Lomé, 26 avr. (ATOP) – La 9e édition du Festival national des danses traditionnelles du Togo (FESNAD) a connu son apothéose le samedi 25 avril à Lomé, avec la distinction de douze meilleures troupes issues des phases régionales. Chaque groupe primé est reparti avec un chèque de 400 000 francs CFA, un trophée et une attestation de participation.
Placée sous le thème « La danse traditionnelle : une expression de notre identité culturelle », cette édition a mis en exergue le rôle central de la danse comme vecteur de mémoire collective et d’affirmation identitaire. A travers rythmes, gestes et symboles, les différentes prestations ont illustré la richesse des patrimoines locaux, transformant chaque chorégraphie en récit vivant chargé d’histoire et de sens.

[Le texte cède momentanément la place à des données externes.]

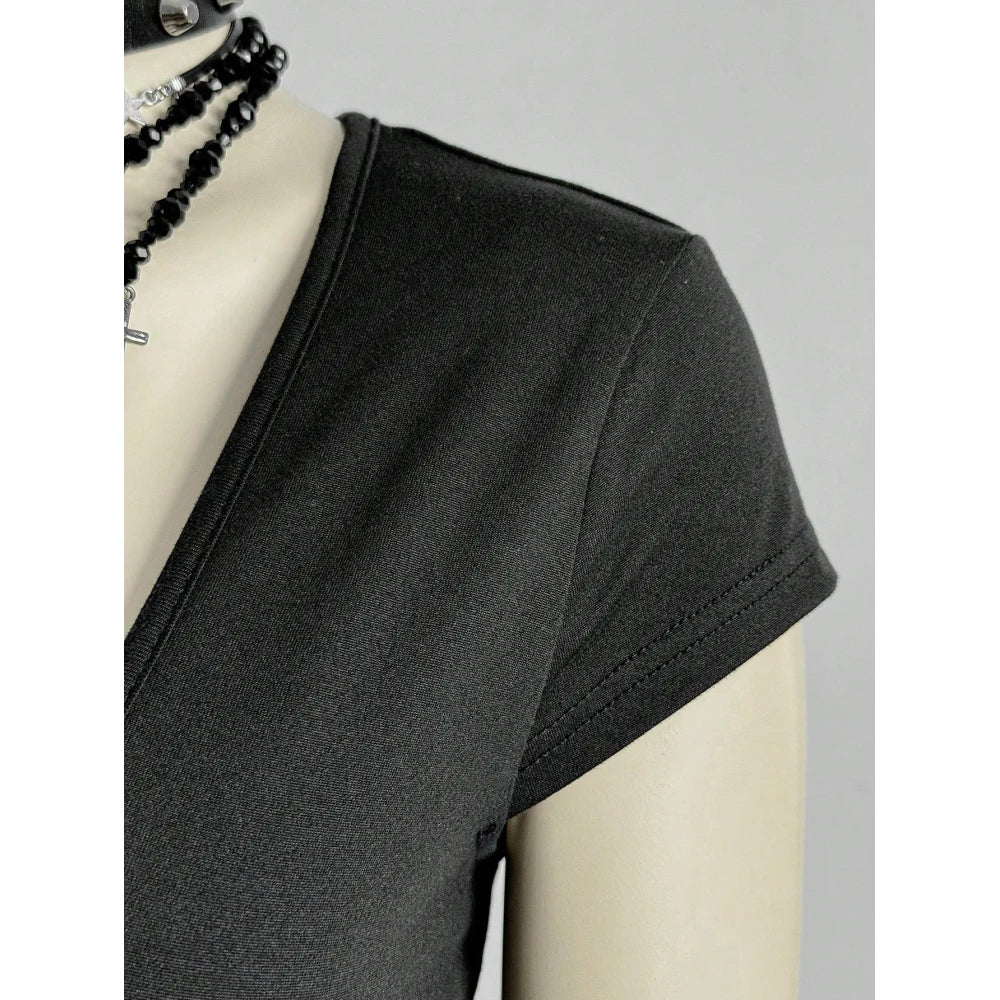 Gothic Punk Top Women Black Stud Embellished Deep V Neck Cutout Short Sleeve Fitted Blouse 2026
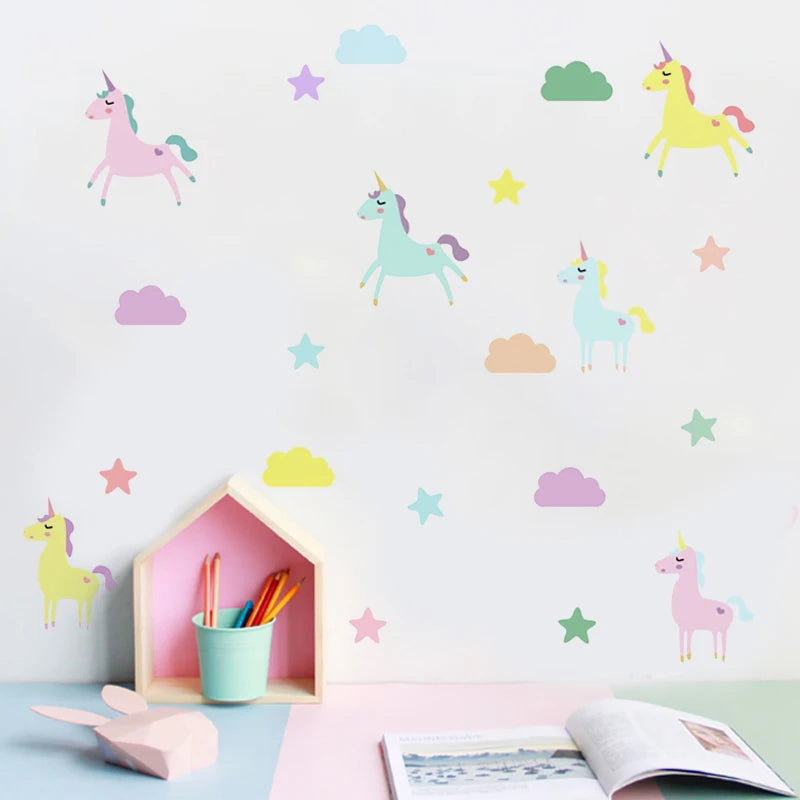 Transform any room into a magical wonderland for your children with minimal effort. Simply apply the PVC decals to a clean and smooth surface for a whimsical addition to your décor. Each order includes 6 sheets and 29 pieces, featuring 6 charming unicorns that your kids will adore.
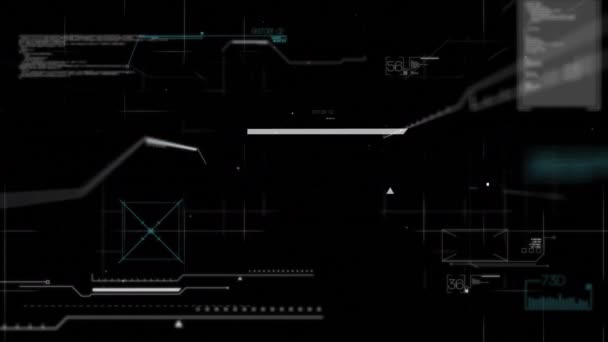Анимация Разнообразной Обработки Данных Черном Экране Глобальных Соединений Технологий Цифрового — стоковое видео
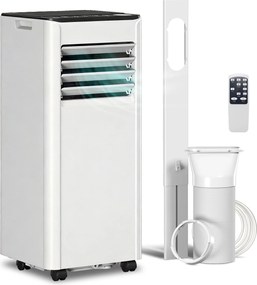 HOMCOM Ar Condicionado Portátil 9000 BTU 4 em 1 Arrefecimento Desumidificador Ventoinha Temporizador para 28 m² Branco | Aosom Portugal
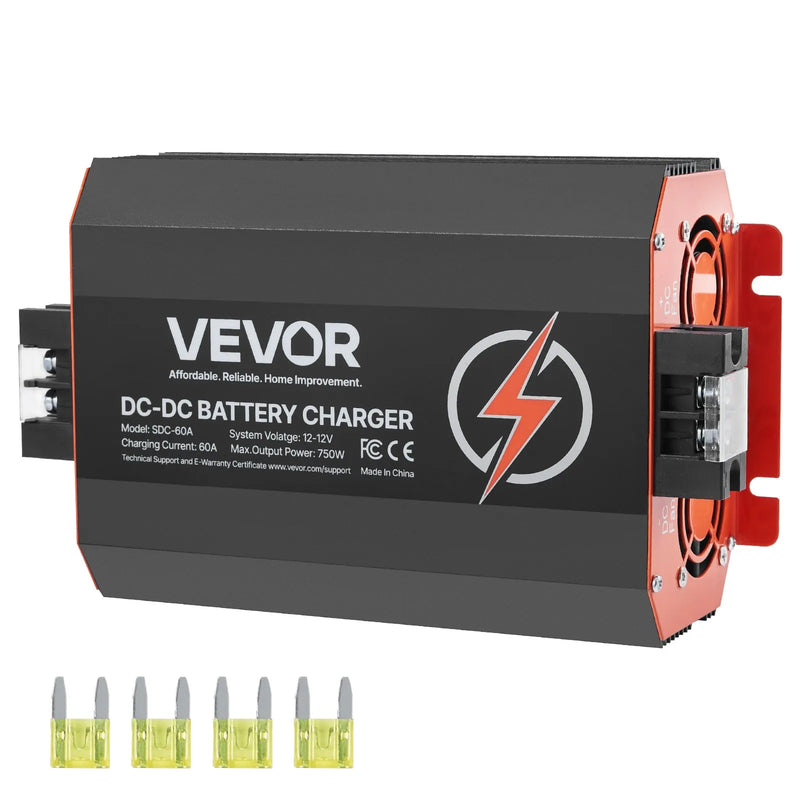 VEVOR 12 V 60 A DC–DC akumulatora lādētājs 750 W, borta lādētājs svina-skābes, litija, AGM, GEL un šķidrā elektrolīta akumulatoriem, viedā daudzpakāpju uzlāde, paredzēts kemperiem, komerctransportam, laivām un jahtām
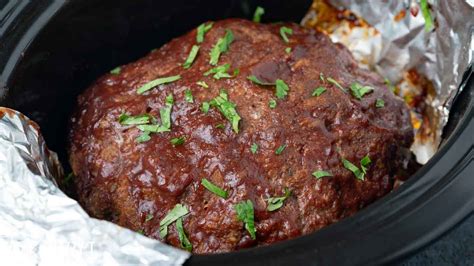 Slow Cooker Meatloaf Easy 4 Ingredient Recipe Tastes Of Lizzy T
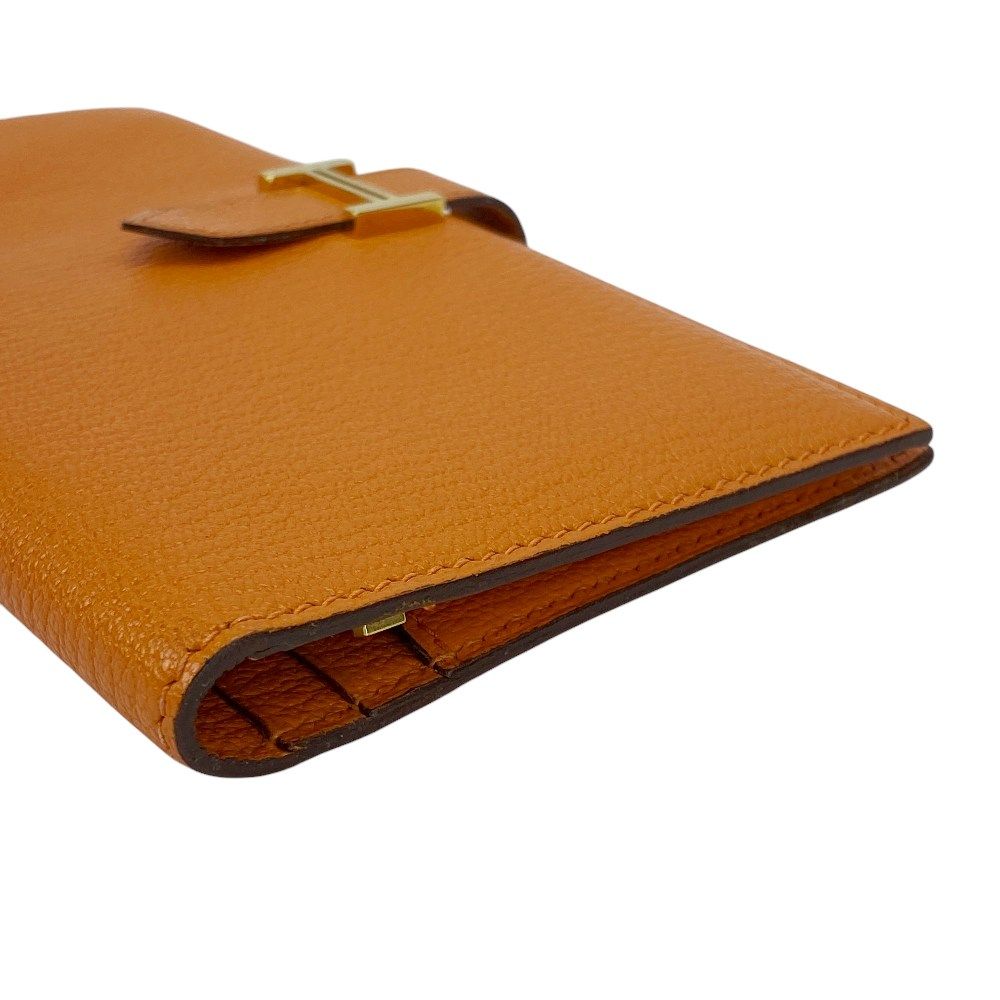 □美品□ エルメス ベアン 長財布 二つ折り 財布 サイフ シェーブル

La cérémonie a été marquée par une grande parade des troupes finalistes, offrant au public un spectacle d’une intensité artistique remarquable. Danses rituelles, chorégraphies guerrières, inspirées des traditions se sont succédé, portées par des sonorités de tambours, de chants et par la diversité des costumes traditionnels.
Au total, douze groupes folkloriques représentant les six régions du Togo ont pris part à cette phase finale. Parmi eux figuraient notamment les danses Atchanhoun d’Agoè-Nyivé, Tchonhoin du Golfe, Adéhoun du Zio, Djéké du Bas-Mono, Sakpatè du Moyen-Mono, Bobobo d’Agou, Takai de Tchaoudjo, Hankpada de Sotouboua, Kountété de Doufelgou, Kpadja de Landa, N’gondé de l’Oti et Djabontana de Kpendjal. Les prestations ont été saluées pour leur authenticité, leur créativité et leur capacité à valoriser les traditions locales.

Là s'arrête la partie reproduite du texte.